(Records to process begins)

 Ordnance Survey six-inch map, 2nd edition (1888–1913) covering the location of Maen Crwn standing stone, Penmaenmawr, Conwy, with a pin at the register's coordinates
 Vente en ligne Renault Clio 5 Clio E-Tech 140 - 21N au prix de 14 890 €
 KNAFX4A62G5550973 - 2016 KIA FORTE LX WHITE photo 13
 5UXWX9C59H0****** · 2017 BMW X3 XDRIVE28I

(Records to process ends)
(Records to process begins)

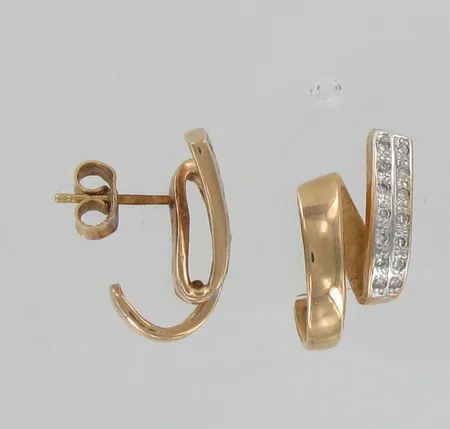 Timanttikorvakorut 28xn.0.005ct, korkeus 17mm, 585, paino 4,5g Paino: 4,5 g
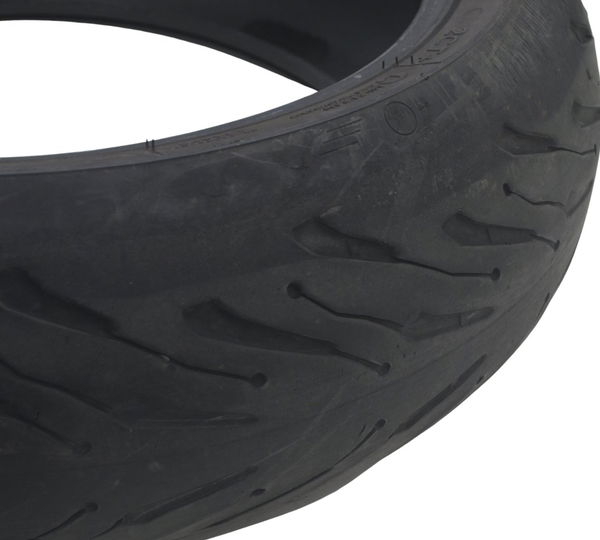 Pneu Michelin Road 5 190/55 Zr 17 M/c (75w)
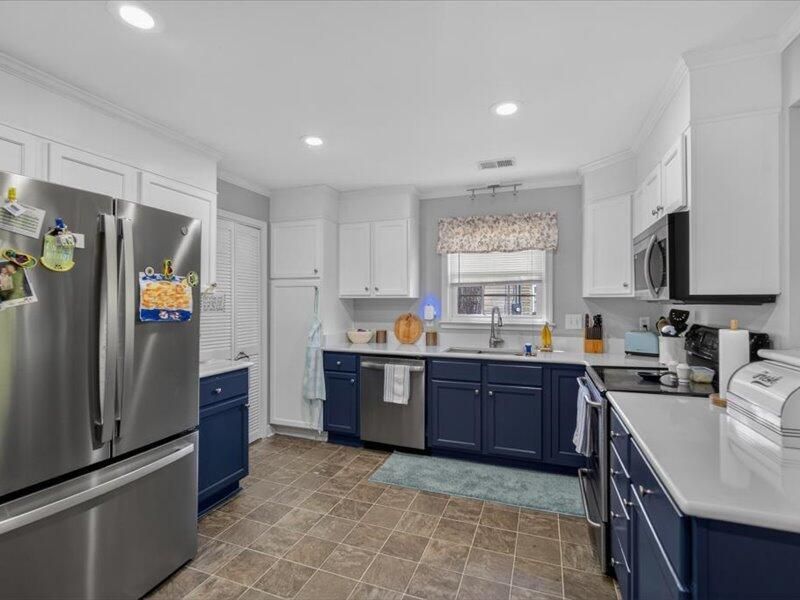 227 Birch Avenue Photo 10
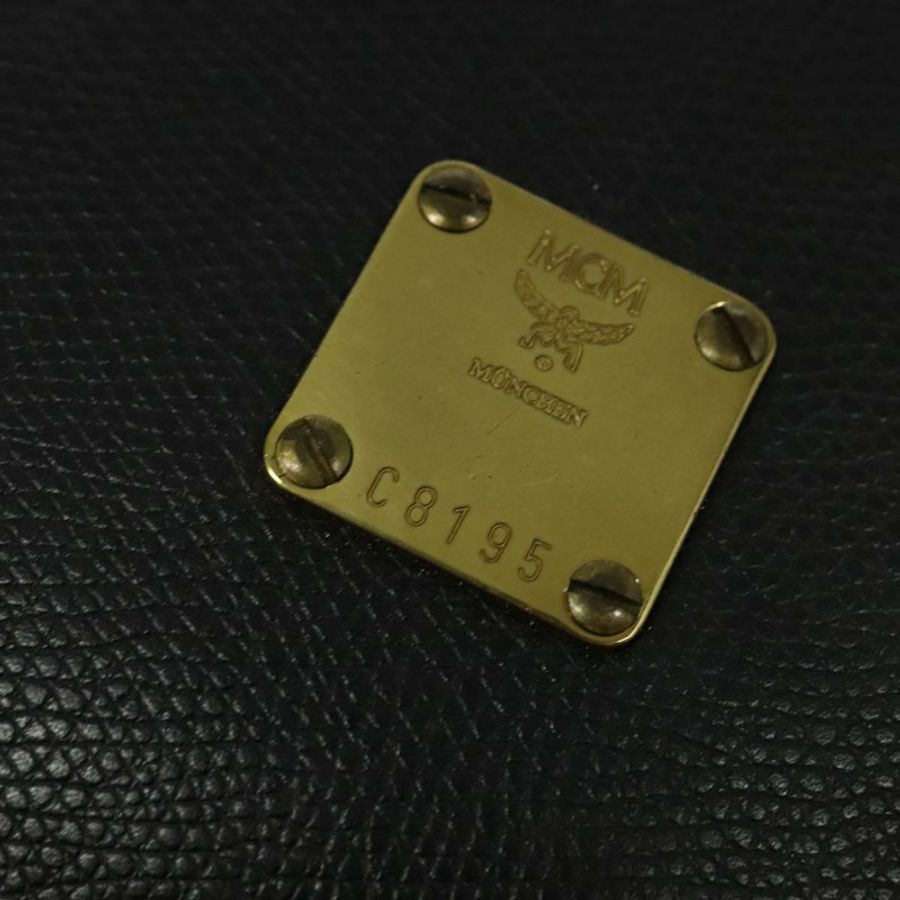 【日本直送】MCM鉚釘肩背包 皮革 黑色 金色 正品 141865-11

(Records to process ends)
(Records to process begins)

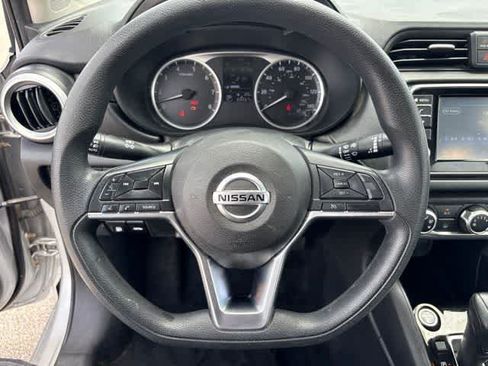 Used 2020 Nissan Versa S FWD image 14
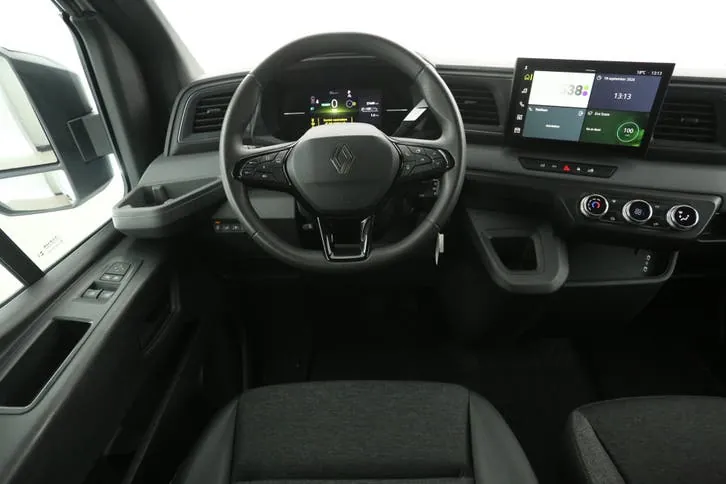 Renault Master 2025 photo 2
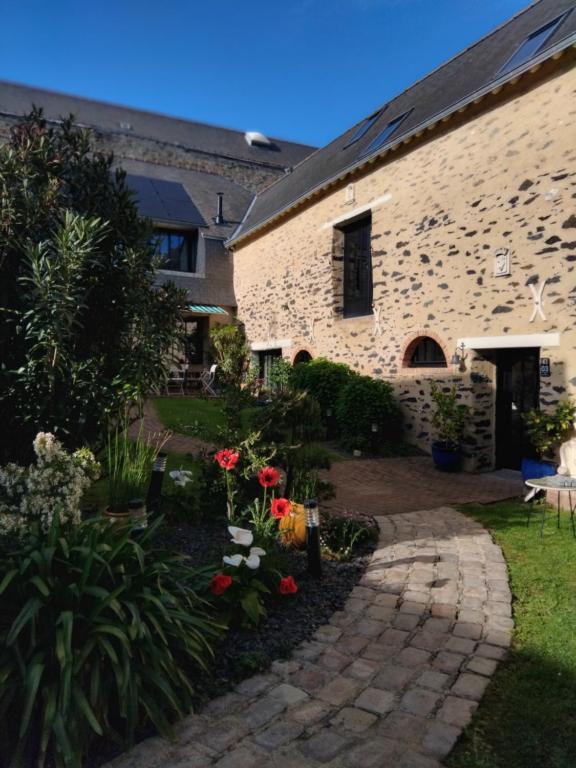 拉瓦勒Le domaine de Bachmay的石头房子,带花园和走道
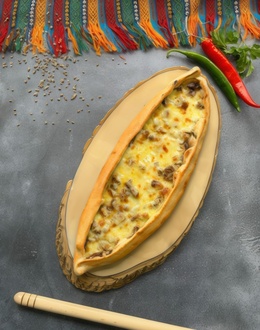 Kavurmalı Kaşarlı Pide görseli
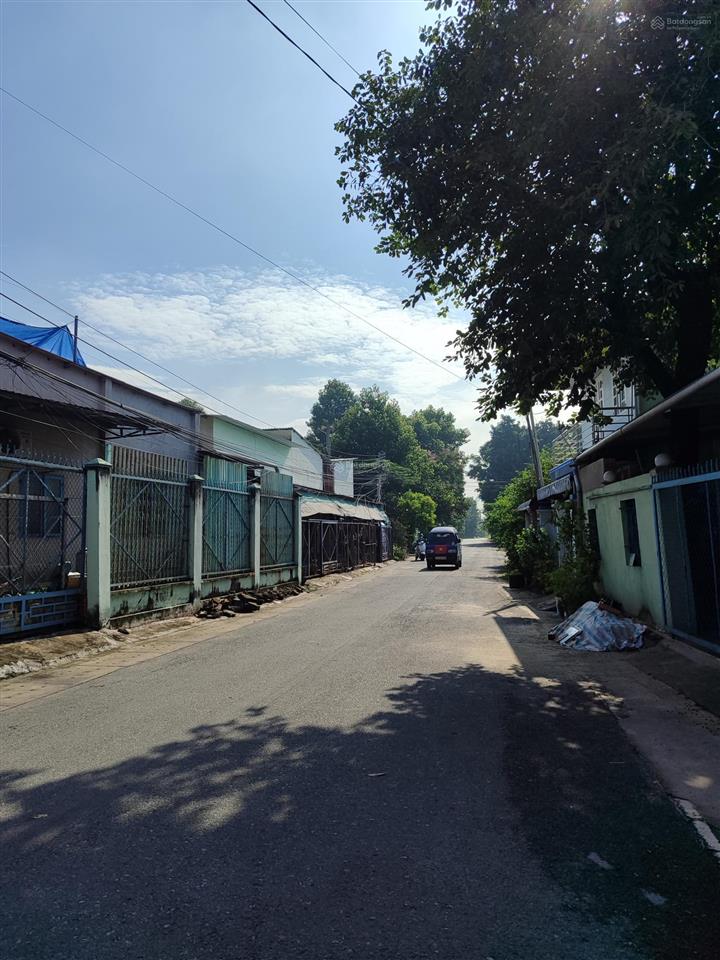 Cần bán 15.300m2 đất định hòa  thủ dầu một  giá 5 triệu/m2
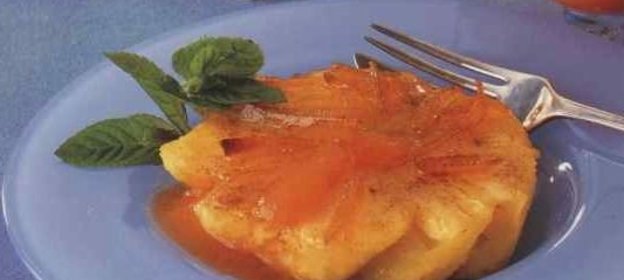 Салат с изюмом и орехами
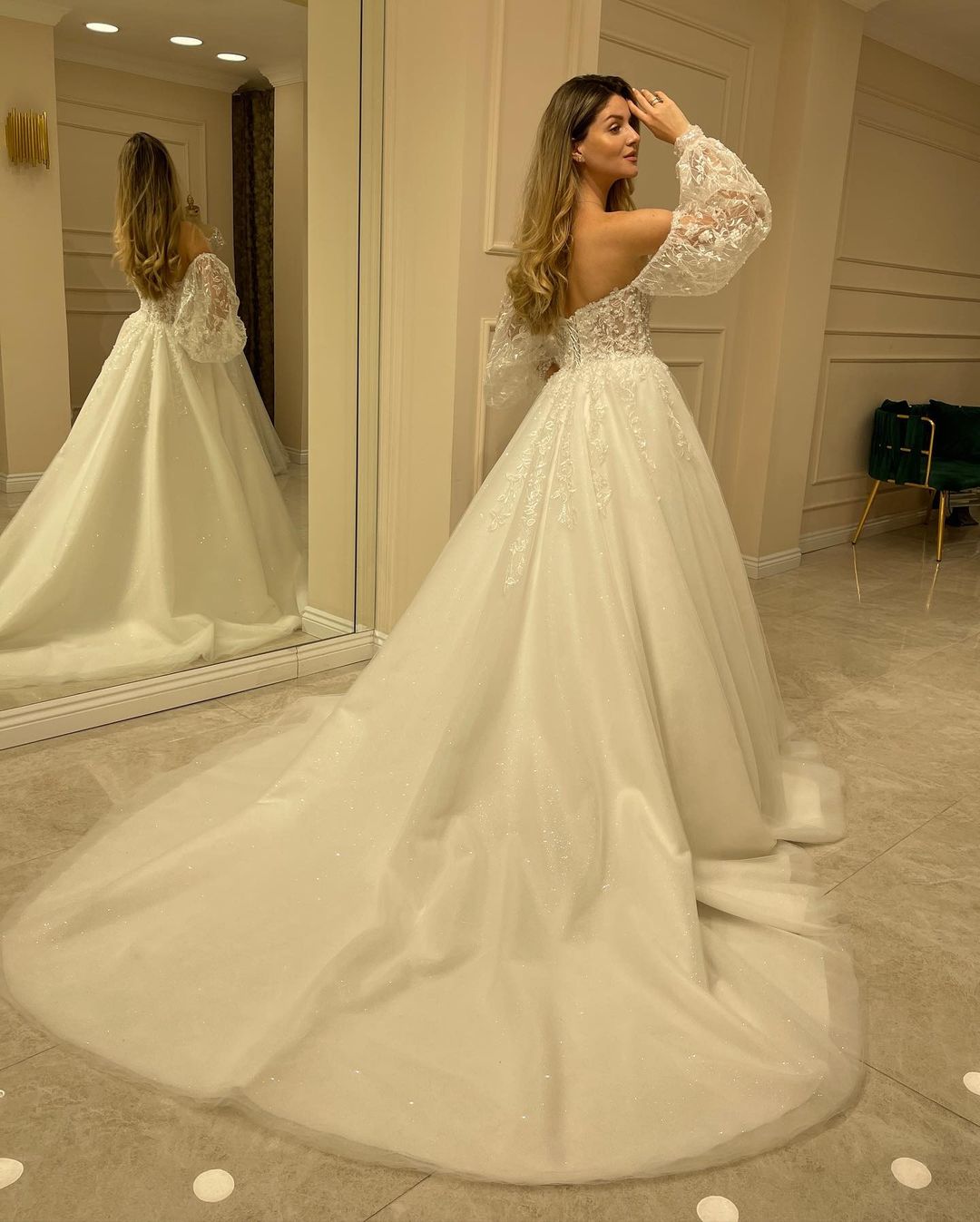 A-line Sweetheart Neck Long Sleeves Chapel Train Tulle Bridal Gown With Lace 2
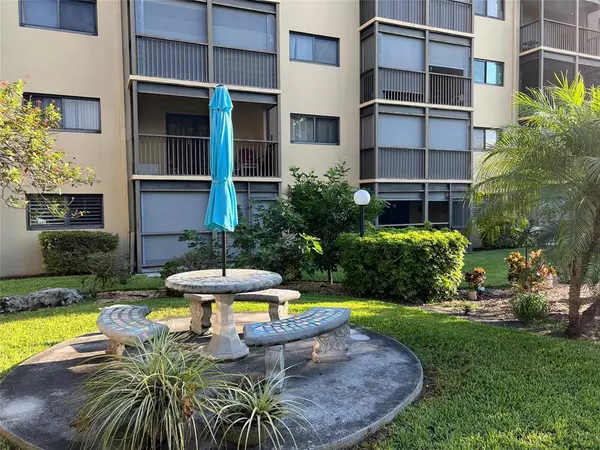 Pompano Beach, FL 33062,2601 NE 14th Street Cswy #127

(Records to process ends)

Write out exactly the lines above between the one with "Timanttikorvakorut 28xn.0.005ct, korkeus" and the one with "金色 正品 141865-11", inclusive, with pictures left out.

 Timanttikorvakorut 28xn.0.005ct, korkeus 17mm, 585, paino 4,5g Paino: 4,5 g
 Pneu Michelin Road 5 190/55 Zr 17 M/c (75w)
 227 Birch Avenue Photo 10
 【日本直送】MCM鉚釘肩背包 皮革 黑色 金色 正品 141865-11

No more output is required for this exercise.